CA Saint-Denis, ch. civ. arrêt du 25 avril 2008 (Arrêt n05/3020)

8Denis VOINOT, Professeur à l’Université de Lille II

9La cession des actifs d’une société n’emporte pas dissolution de celle-ci pour cause d’extinction de l’objet social.

10Parmi les causes de dissolution des sociétés énumérées à l’article 1844-7 du code civil, l’extinction de l’objet social (art. 1844-7, 2° c. civ.) a donné lieu a à un intéressant arrêt de la Cour d’appel de Saint-Denis. Cette décision a été prononcée à la suite d’une dispute familiale opposant les associés d’une SCI propriétaire d’un immeuble. Le bien en question ayant été vendu, l’un des associés avait saisi la justice afin de faire constater la dissolution de la société par extinction de l’objet et obtenir ainsi la liquidation subséquente.
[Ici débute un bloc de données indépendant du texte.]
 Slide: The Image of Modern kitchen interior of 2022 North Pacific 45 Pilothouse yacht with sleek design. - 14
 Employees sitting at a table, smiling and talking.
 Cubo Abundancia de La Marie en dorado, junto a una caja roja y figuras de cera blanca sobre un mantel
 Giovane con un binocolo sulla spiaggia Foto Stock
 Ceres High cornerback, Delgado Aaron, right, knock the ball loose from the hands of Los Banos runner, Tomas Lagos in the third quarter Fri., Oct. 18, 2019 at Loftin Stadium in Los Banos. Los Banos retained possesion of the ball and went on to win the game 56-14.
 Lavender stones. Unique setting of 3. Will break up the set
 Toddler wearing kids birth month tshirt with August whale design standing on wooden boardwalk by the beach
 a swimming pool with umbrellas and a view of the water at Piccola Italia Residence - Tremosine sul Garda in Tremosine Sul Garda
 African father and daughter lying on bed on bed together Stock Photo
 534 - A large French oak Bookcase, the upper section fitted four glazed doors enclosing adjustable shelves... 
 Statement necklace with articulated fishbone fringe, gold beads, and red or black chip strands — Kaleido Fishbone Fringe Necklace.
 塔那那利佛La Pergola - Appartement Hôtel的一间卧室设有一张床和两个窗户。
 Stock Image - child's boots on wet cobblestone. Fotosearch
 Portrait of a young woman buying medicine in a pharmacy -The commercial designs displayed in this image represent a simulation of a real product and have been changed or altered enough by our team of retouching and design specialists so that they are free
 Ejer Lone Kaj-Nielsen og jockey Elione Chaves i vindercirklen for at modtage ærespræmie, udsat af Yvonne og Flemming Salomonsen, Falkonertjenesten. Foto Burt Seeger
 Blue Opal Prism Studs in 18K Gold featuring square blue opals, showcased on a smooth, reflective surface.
Il n’est toutefois pas suivi par les juges du fond qui relèvent que si la SCI « avait pour objet social “plus particulièrement l’administration et l’exploitation d’un immeuble sis au Port ZAC Développement 2000 avenue de la Compagnie des Indes et généralement toutes opérations pouvant se rattacher directement ou indirectement à cet objet, à l’exclusion de celles pouvant porter atteinte au caractère civil de la société” elle avait également pour objet “la propriété, l’acquisition, la prise à bail, la construction, l’administration, la gestion et l’exploitation de tous immeubles bâtis ou non bâtis et de tout droits immobiliers” ». Autrement dit, l’objet social avait été défini de manière suffisamment large pour permettre à la société de survivre à la cession de l’immeuble. Une telle solution ne faisait aucun doute dès lors que la Cour de cassation juge, d’une part, que « la cessation d'activité d'une société n'implique pas la disparition de l'objet social » (Cass. soc., 24 janv. 1990, no 86-40.290) et, d’autre part, que la cession de la totalité des actifs n’emporte pas dissolution par extinction d’objet (Cass. com., 7 oct. 2008, n° 07-18.653, P+B, Société Crystal Holding c/ Grenan-Andrieu, les actifs étaient constitués d’actions détenues par une société holding).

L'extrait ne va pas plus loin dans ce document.